4.2 City shall reimburse Consultant only for those costs or expenses
specifically approved in this Agreement, or specifically approved in
writing in advance by City. Unless otherwise approved, such costs
shall be limited and include nothing more than the following costs
incurred by Consultant:
A. The actual costs of subconsultants for performance of any of
the services that Consultant agrees to render pursuant to
this Agreement, which have been approved in advance by
City and awarded in accordance with this Agreement.
B. Approved reproduction charges.
C. Actual costs and /or other costs and /or payments specifically
authorized in advance in writing and incurred by Consultant
in the performance of this Agreement.
4.3 Consultant shall not receive any compensation for Extra Work
performed without the prior written authorization of City. As used
herein, "Extra Work" means any work that is determined by City to
be necessary for the proper completion of the Project, but which is
not included within the Scope of Services and which the parties did
not reasonably anticipate would be necessary at the execution of
this Agreement.
5. PROJECT MANAGER
Consultant shall designate a Project Manager, who shall coordinate all
phases of the Project.

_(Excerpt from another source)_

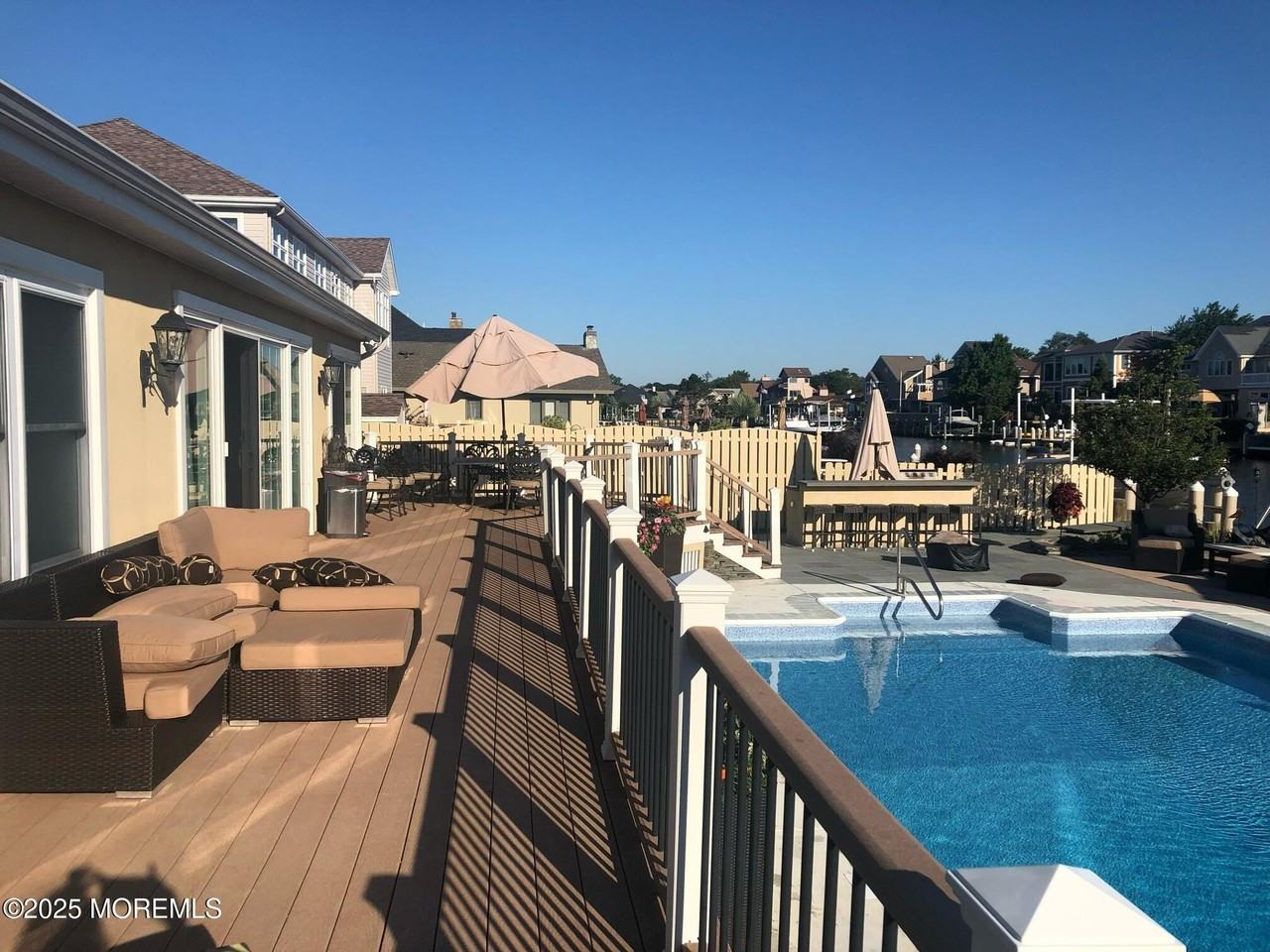 318 Aldo Dr - Photo 4 of 20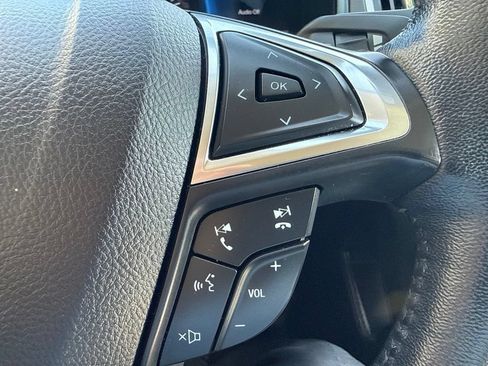 Used 2022 Ford Edge SEL AWD/4WD image 26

This Project Manager shall be available to City at all
reasonable times during the Agreement term. Consultant has designated
JOHN C. CAMPBELL to be its Project Manager. Consultant shall not
remove or reassign the Project Manager or any personnel listed in Exhibit A
or assign any new or replacement personnel to the Project without the prior
written consent of City. City's approval shall not be unreasonably withheld
with respect to the removal or assignment of non -key personnel.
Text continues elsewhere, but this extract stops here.